When I got remarried I swore that this time would be it, this would be the one I wouldnt ever give up on. We have had some trials and tribulations during our almost 5 years married. (yes I got married only 3 months after my divorce) There have been times where he wanted to call it quits and times where I wanted to also but we stuck together. Honestly sometimes I dont know how we did it, there was a lot stacked against us.
I came into the relationship damaged, with two small children (who werent with me at the time) and with a whole lot of baggage. I felt pretty unlovable some days, but he loved me. He was my strength and my sturdy rock in the center of my turbulant ocean. He was the polar opposite of me (still is) he is calm, collected, responsable, and has so much confidence and drive sometimes its hard to keep up. He is forever working to make our family stay afloat and I love him every single day for it.

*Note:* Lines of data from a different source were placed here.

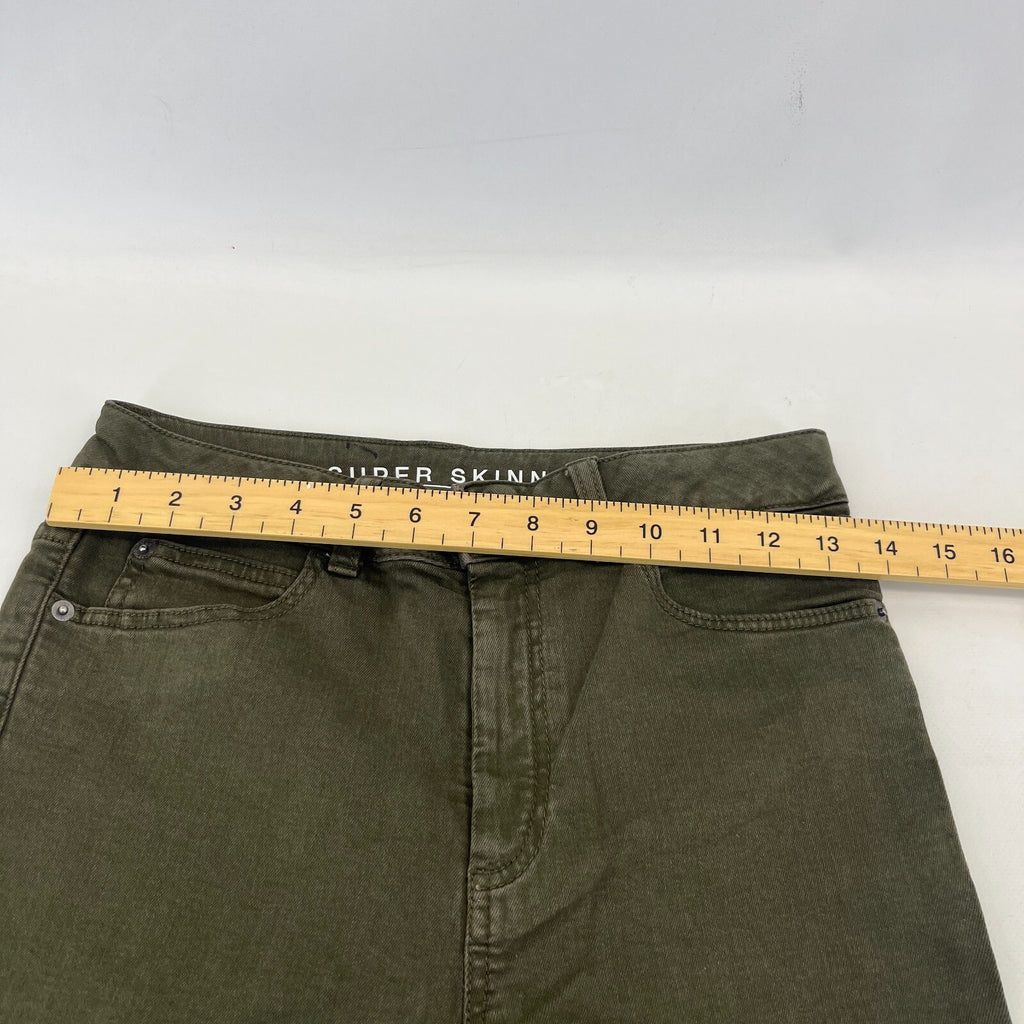 Marks & Spencer Khaki Green Super Skinny Jeans Women's UK size 10S - NWOT
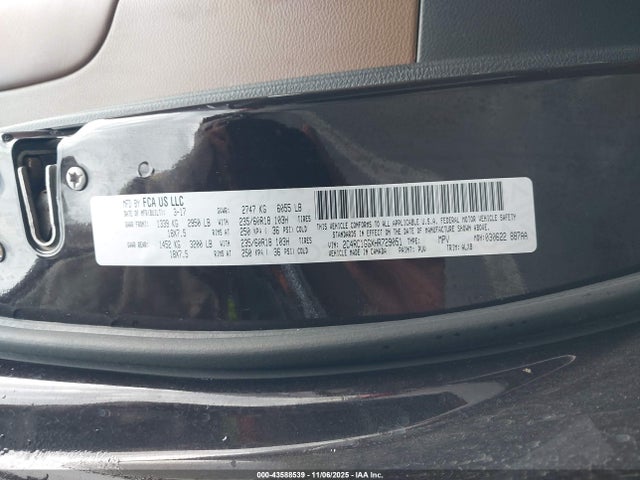 2C4RC1GGXHR729051 Chrysler Pacifica Limited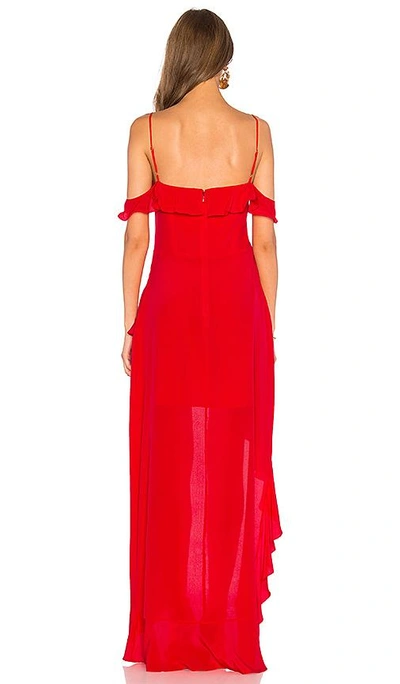 Shop Amanda Uprichard Peony Maxi Dress In Lipstick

When we started to fall apart it came like a huge crashing wave, there was so much stress I thought we were surely going to implode. I was pregnant, we had just bought a home, and my kids came back to me permanately. It was a huge change for him, going from single military guy mode, drinking every weekend and eating junk, getting to come and go as he pleased. Then getting all this responsibility shoved onto him just wasnt fair. I understood completely what was wrong but stood helplesly while I watched our world crumble underneath us. I felt lost and alone and it hurt.
We argued every day, things were so tense and scary. I honestly didnt know what we were going to do. But then I remembered I made a promise that I wouldnt give up without a fight this time, so I faught. I came out swinging, resolved that this wasnt going to pull us down. Together we would make it though, and I am proud to say that was 3 years ago and we are still making it work. It hasnt been easy, there have been fights and days of silent grumbling. But we are both trying every day to make it work.
Marriage isnt always easy, but it is woth the fight. Learn to pick your battles, give in when you can. Learn to love yourself as much as you love your partner and if its what you want you will do whatever it takes to make it work.